Everyone knows Christopher Walken, or thinks they do. He is a singular presence in American film, largely due to his uniquely eccentric line readings and vocal mannerisms, filtered through a frequently deadpan affect. Walken has cultivated this over the years, to the point where I think most people now expect his characters (and Walken himself) to be definitely strange, genuinely weird, and predictably unpredictable. But it took him a while to get there, to go
from this… …to this.
Walken doesn’t turn down many parts, so he’s been in more than a few second-rate (or simply bad) films during his career, but even in these he gets your attention, because he brings something special to the table in interesting and compelling ways (and sometimes he’s just weird).
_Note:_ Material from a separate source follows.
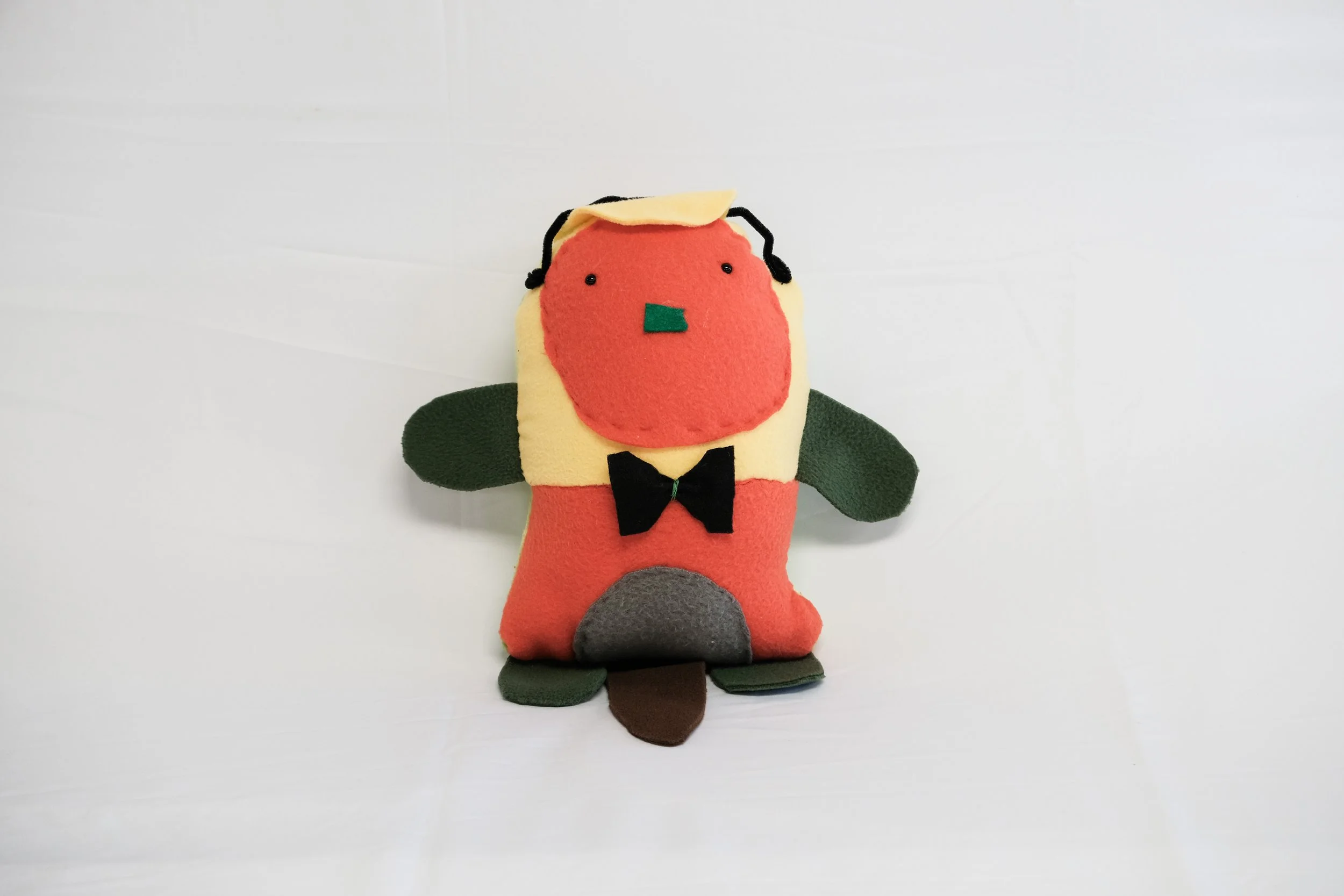 A plush toy designed to resemble a colorful animal character with a red face, black eyes, and a blue mouth. It has green ears, a black bow tie, and a grey patch on its belly, standing on a white surface.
Walken believes that making movies (whether they turn out good or bad) is always a worthwhile experience (in one way or another). He’s been quoted as saying, “I’ve enjoyed making movies for lots of different reasons. Sometimes, it was the other people. Sometimes, it was the fact that I was really good in it. Sometimes, it was the location. Sometimes, it was the paycheck. Sometimes, it can be lots of different things, or a lot of those things. Or there can be reasons why you’d like to avoid it the next time. Like the jungle. I’ve made a couple of movies in the jungle, and I don’t want to go back to the jungle.”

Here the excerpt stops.